I completely understand when you say: "I really, really, really wish I could get original chromatogram data from the NCBI trace archive, so that I could either look at the original base calls or mess with the base callers and work out a good way to process it myself." I'd like to suggest that a somewhat analogous exists with genotyping data. Consider SNP genotyping: most people seem to accept that a genotype is a genotype, period, end of story. We don't really fret much about the fact that many (most?) commercial SNP genotyping platforms are essentially a black box where DNA goes in and a genotype comes out and who knows what goes on in between.
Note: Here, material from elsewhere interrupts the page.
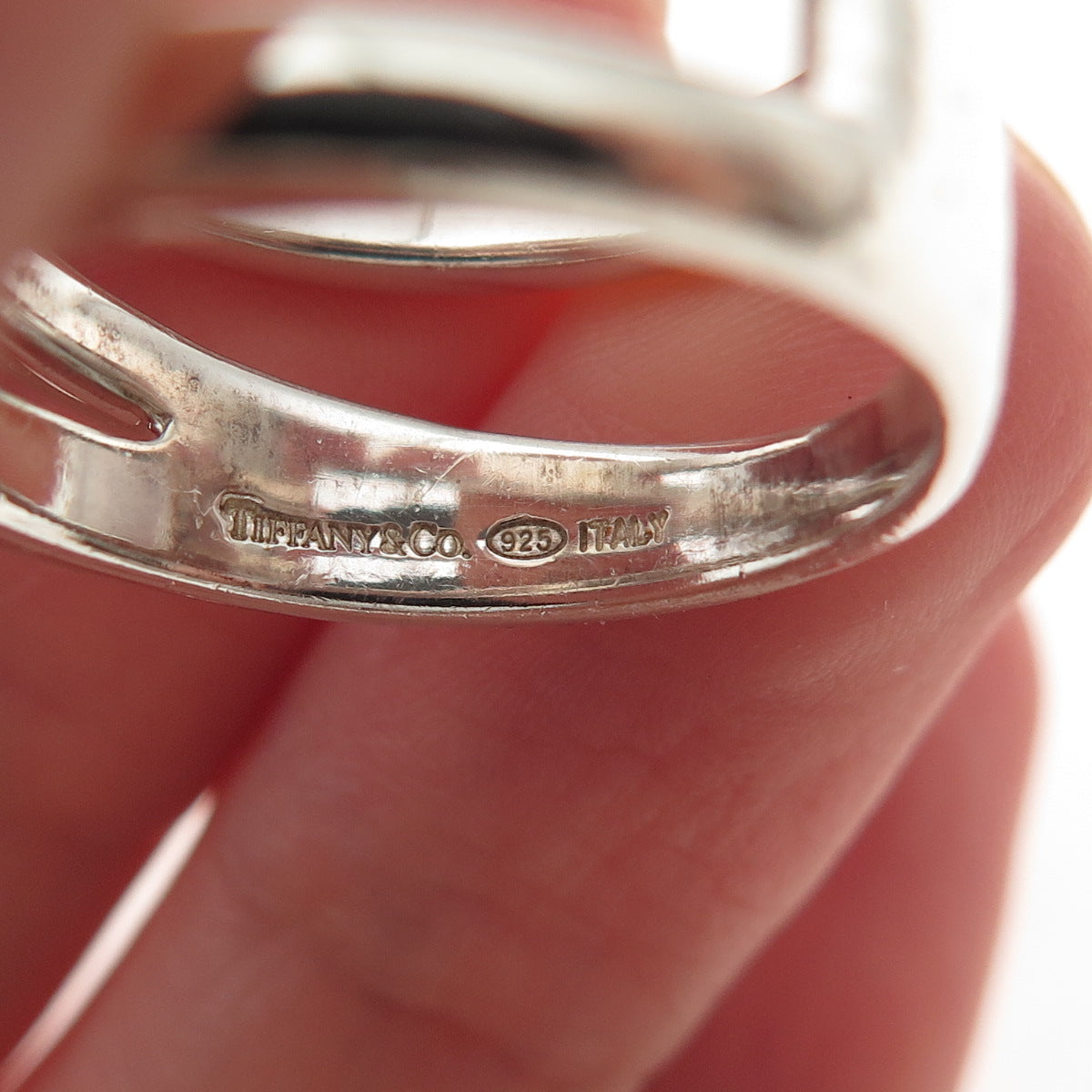 Tiffany & Co. 925 Sterling Silver Vintage Zig Zag Band Ring Size 8.75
One pretty much just has to trust that the (often proprietary) vendor software did the normalization and summarization (if there are redundant probes) and genotype clustering/calling correctly, and that the lab set appropriate QC thresholds (it's not uncommon for water to have a genotype!). That's not even considering the lower-level tasks of finding the (extremely small and getting smaller) edges of the spot and calculating the intensity (and sometimes color) and so on.
But anybody who's spent time calling genotype clusters (or, more recently, trying to identify CNVs from the same dataset) knows how problematic that can be. And now as typical GWA experiments have grown to several thousand samples and 500K+ SNPs -- potentially plus thousands more non-polymorphic CNV probes -- it's no longer possible for a human to review even a fraction of the results and we're forced to rely even more on that vendor-supplied "black box." So it's even more important that (1) we put in multiple layers of QC controls and checks and filter out truly unreliable data and (2) that we retain the primary data so that we can go back and check/compare/recall etc. whenever questions arise or vendor software changes or new & better methods become available as they inevitably will.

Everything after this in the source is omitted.